Baker's Dozen

Artists discuss the 13 records that shaped their lives

4. Wu-Tang ClanEnter The Wu-Tang (36 Chambers)

I was in New York in film school for a few months in 1994 and someone in the class had a cassette of this album and they said, ‘have you heard this?’ And I said, ‘no’, so they said, ‘take it for the weekend. It’ll change your life’. I was staying in a place on 181st Street and it was way uptown and I was trying to be a little bit inconspicuous but when I put this cassette on, it felt like a whole new world had arrived on my doorstep.

Of course, I’d been familiar with hip-hop and straightforward rhymes and straightforward beats and the way that beats are sampled and put together, but suddenly there’s this weird and sparse piano playing and beats that aren’t quite holding together but are holding together in this whole, different other way that I’d not heard before. And then of course you’d have the most vitriolic raps and sentiments and other life experiences where they care about their community.

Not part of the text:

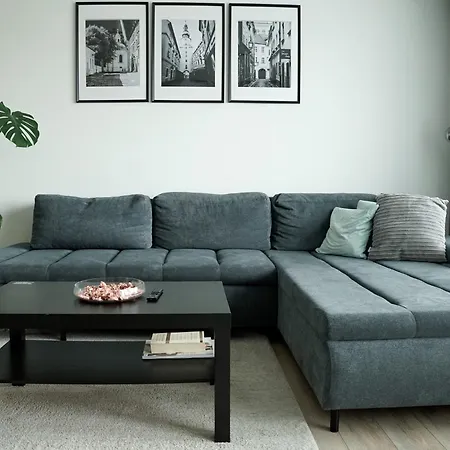 Urban Zenhouse No 2-breakfast Optional Appartamento Bratislava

I remember years later seeing a great picture of them in the studio and they’re all sat together in pairs writing lyrics. I thought that was really clever because they were all bouncing off each other and then they pool it all together.

I just found this whole record to be a revelation and it elevated hip-hop in terms of what was going on. I embraced it. I didn’t really get on to their albums, just this solitary one and it did something for me at the time. Mind you, I was playing a gig in Slovakia at this festival and I was in this tent and they were on the main stage and the promoter said, ‘you like the Wu, don’t you?’ and I said, ‘yeah!’ So he goes, ‘well come on then.’ So I jumped onto this little jeep and he drove me off to the main stage and I watched the whole show from the side of the stage and it was just fantastic.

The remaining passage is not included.